→ Brief: Work through the listing below and give again exactly the lines from the one with "Elegant White TH Ruffle Jumpsuit/Romper" to the one with "Two makeshift boats", both ends included. All other lines and all pictures stay out.

→ Data for this task:
========
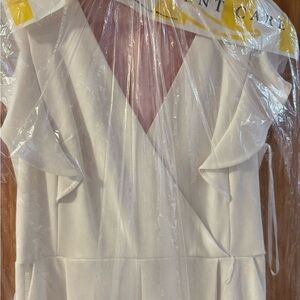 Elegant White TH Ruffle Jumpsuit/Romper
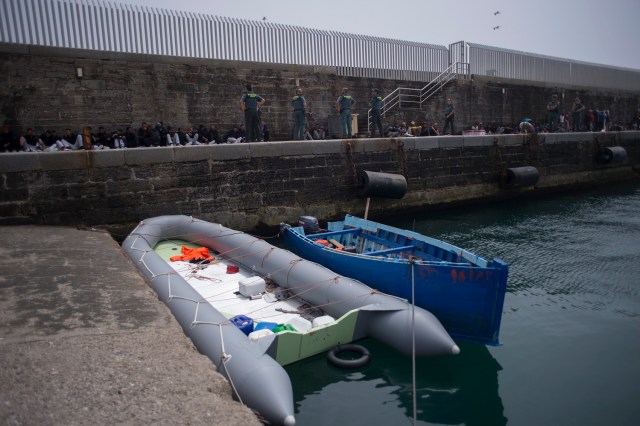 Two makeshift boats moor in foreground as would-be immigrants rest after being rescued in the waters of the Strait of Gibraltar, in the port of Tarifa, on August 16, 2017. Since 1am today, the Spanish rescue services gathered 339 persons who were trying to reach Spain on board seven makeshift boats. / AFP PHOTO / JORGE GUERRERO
========
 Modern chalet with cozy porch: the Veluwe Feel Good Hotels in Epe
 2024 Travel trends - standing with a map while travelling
========
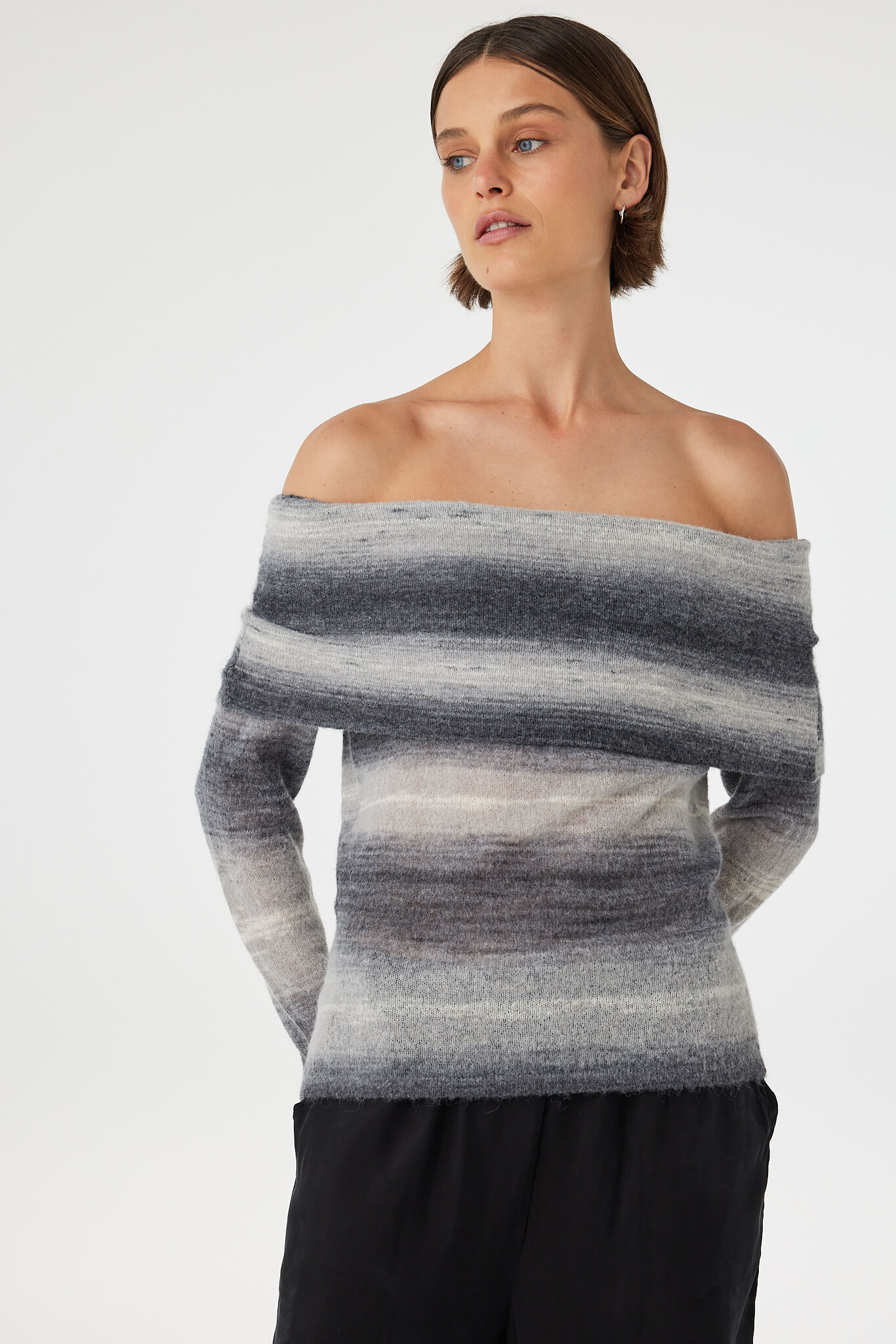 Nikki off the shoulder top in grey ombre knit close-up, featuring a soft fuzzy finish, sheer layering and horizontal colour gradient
========
→ Task response:
 Elegant White TH Ruffle Jumpsuit/Romper
 Two makeshift boats moor in foreground as would-be immigrants rest after being rescued in the waters of the Strait of Gibraltar, in the port of Tarifa, on August 16, 2017. Since 1am today, the Spanish rescue services gathered 339 persons who were trying to reach Spain on board seven makeshift boats. / AFP PHOTO / JORGE GUERRERO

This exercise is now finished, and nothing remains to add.